Benjamin Stora, Professor an der Universität Paris 13 und am Institut national des langues et civilisations orientales (Inalco), ist Historiker und hat sich auf die Geschichte der Maghreb-Saaten spezialisiert. Er hat eine große Zahl an Bücher über Algerien verfasst, u. a. La gangrène et l’oubli, la mémoire de la guerre d’Algérie, Paris: La Découverte, 1991, Les guerres sans fin. Un historien, la France et l’Algérie, 2008 oder Les clés retrouvées, Paris, Stock 2015 wie auch zusammen mit Renaud de Rochebrune, La guerre d’Algérie vue par les Algériens, en deux volumes,2017.

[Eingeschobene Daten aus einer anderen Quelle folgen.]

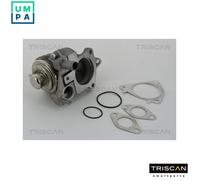 TRISCAN 8813 28019 EGR valve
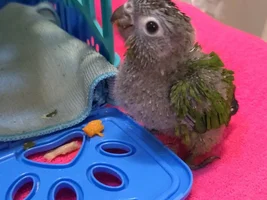 Bird Tax Pics / Accidental Grandparrontage Successes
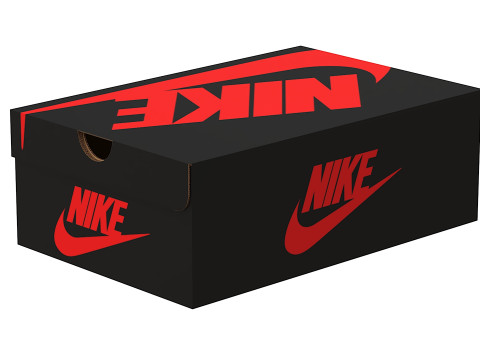 Nike Shoe Box 06 3D Model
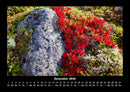 Blumenkalender Fotokalender 2026 - 12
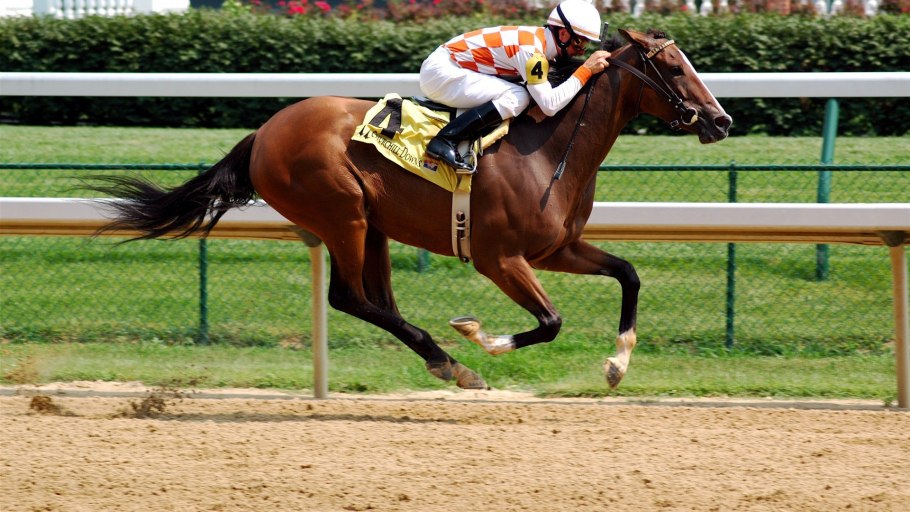 Брелок Mongoose LS 9000d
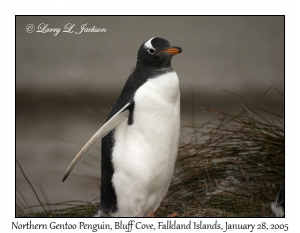 Northern Gentoo Penguin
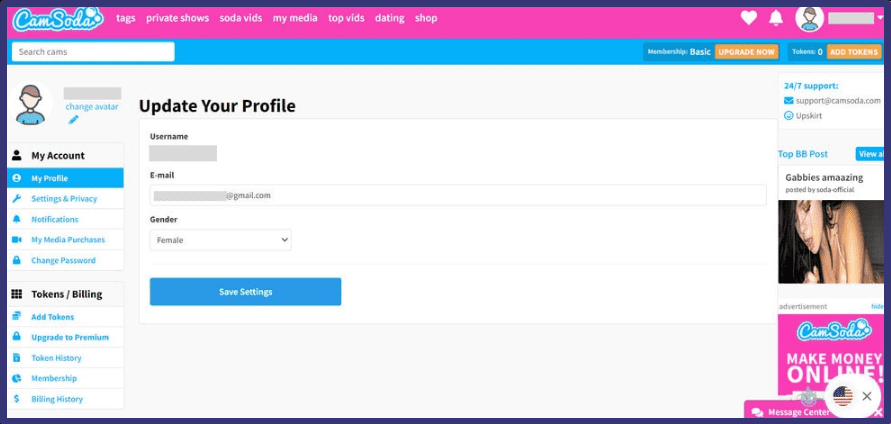 Web model profile settings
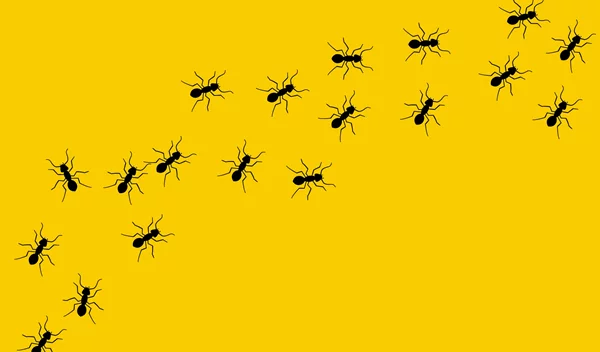 Μυρμήγκια: 3 τρόποι να τα εξολοθρεύσεις χωρίς εντομοκτόνο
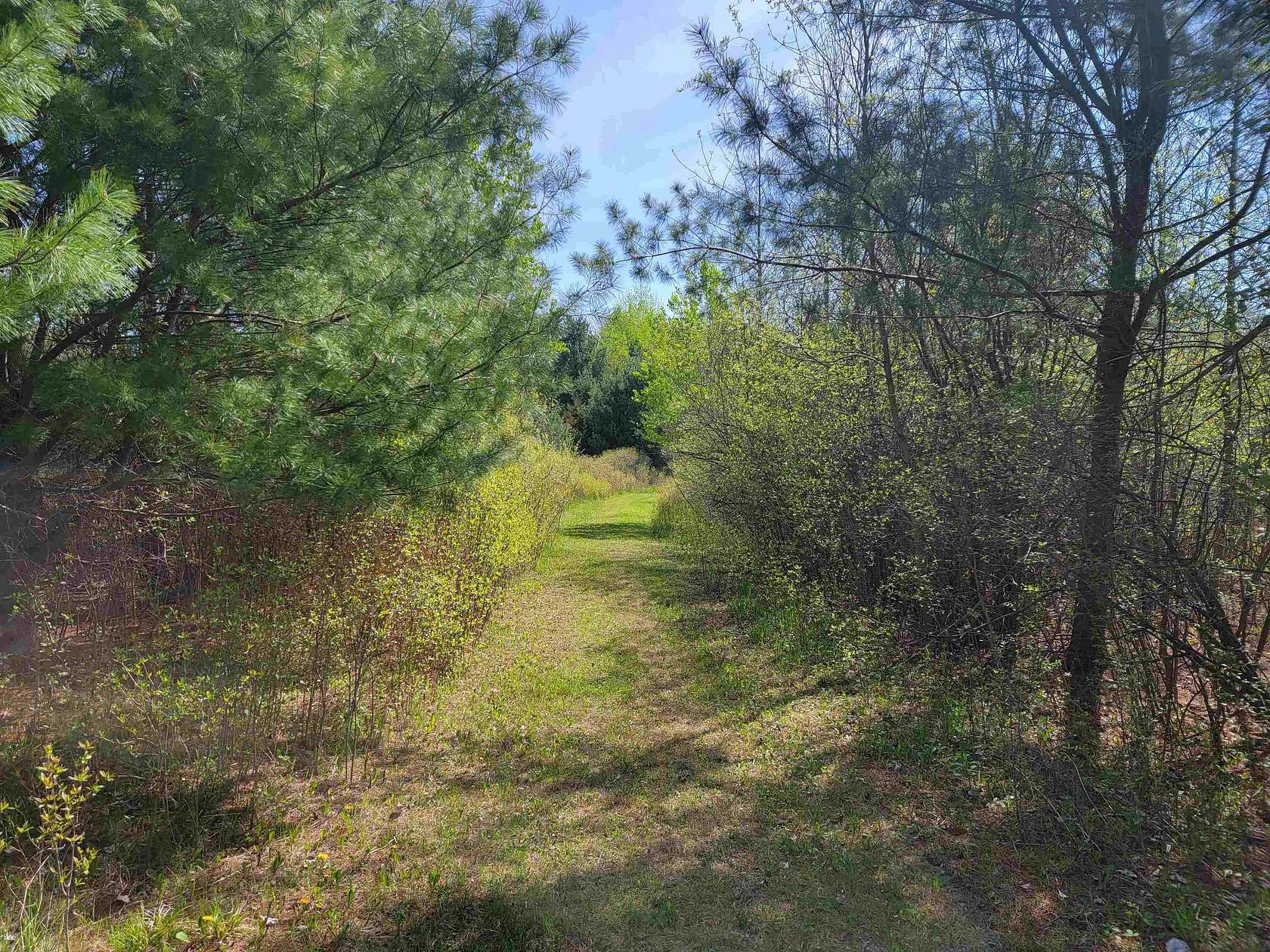 32.7 Acres of Recreational Land for Sale in Gladwin, Michigan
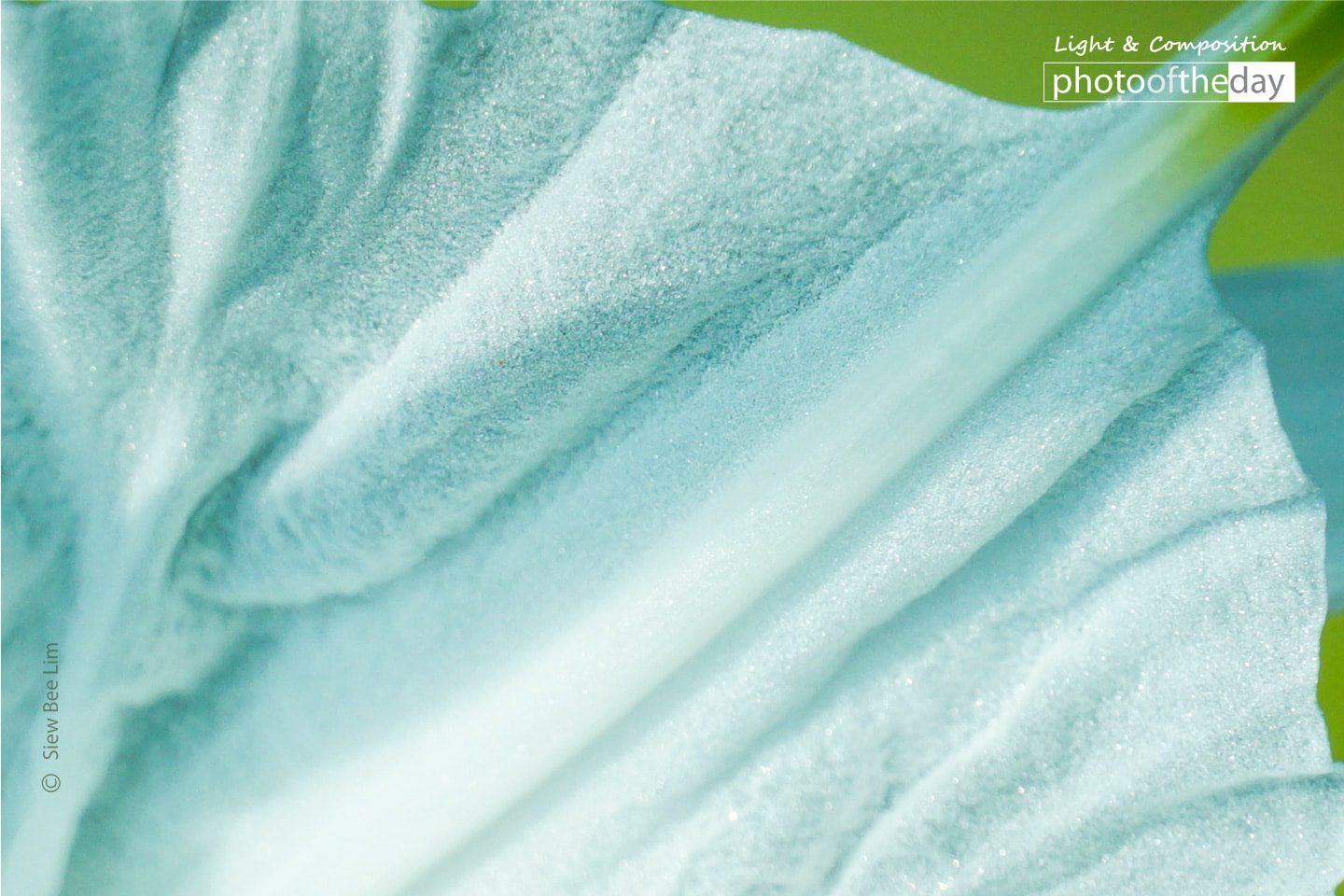 Spider Lily Nearby a Pond, by Siew Bee Lim - Close-up Photography, Photo of the Day, Photography Awards, Spider Lily, Siew Bee Lim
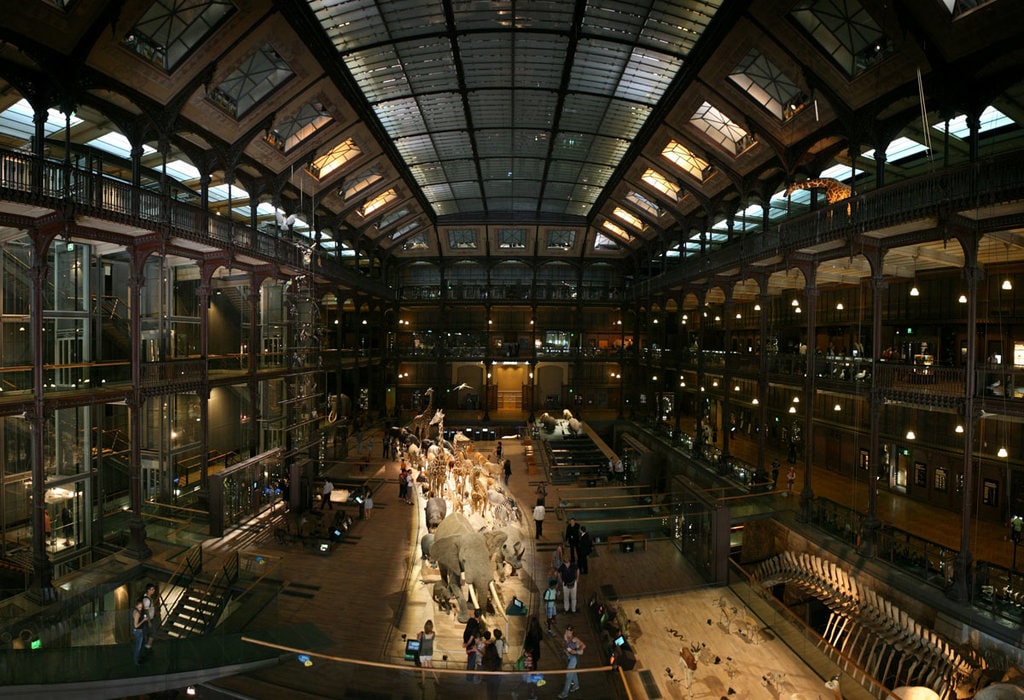 La grande galleria dell'evoluzione presso il Museo Nazionale di Storia Naturale di Parigi. By Roï Boshi (Own work)  , via Wikimedia Commons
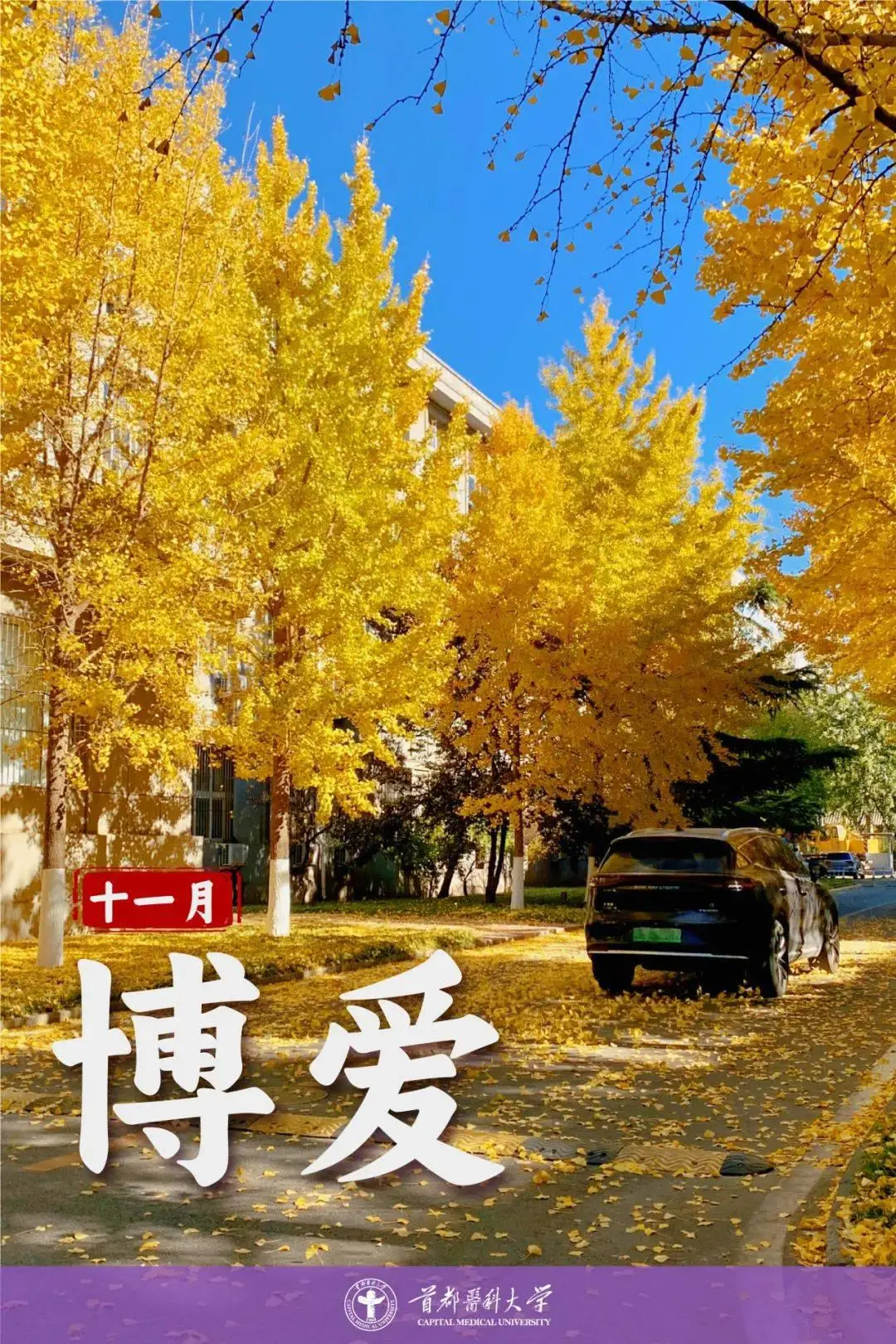 日和月是_月日是啥意思_3月5日是什么日子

> Benjamin Stora: Biographie et Biblographie.

Der Bericht mit dem Titel > Les Questions mémorielles portant sur la colonisation et la guerre d’Algérie. Rapport, den Benjamin Stora Staatspräsident Macron überrreicht hat, umfasst 160 Seiten mit einer Bibliographie: S: 153-157. Sehr ausführlich im Anhang: Archives relatives à l’Algérie, classements, numérisations et mises en ligne. Bilan et perspectives 2017-2024: S. 132-143.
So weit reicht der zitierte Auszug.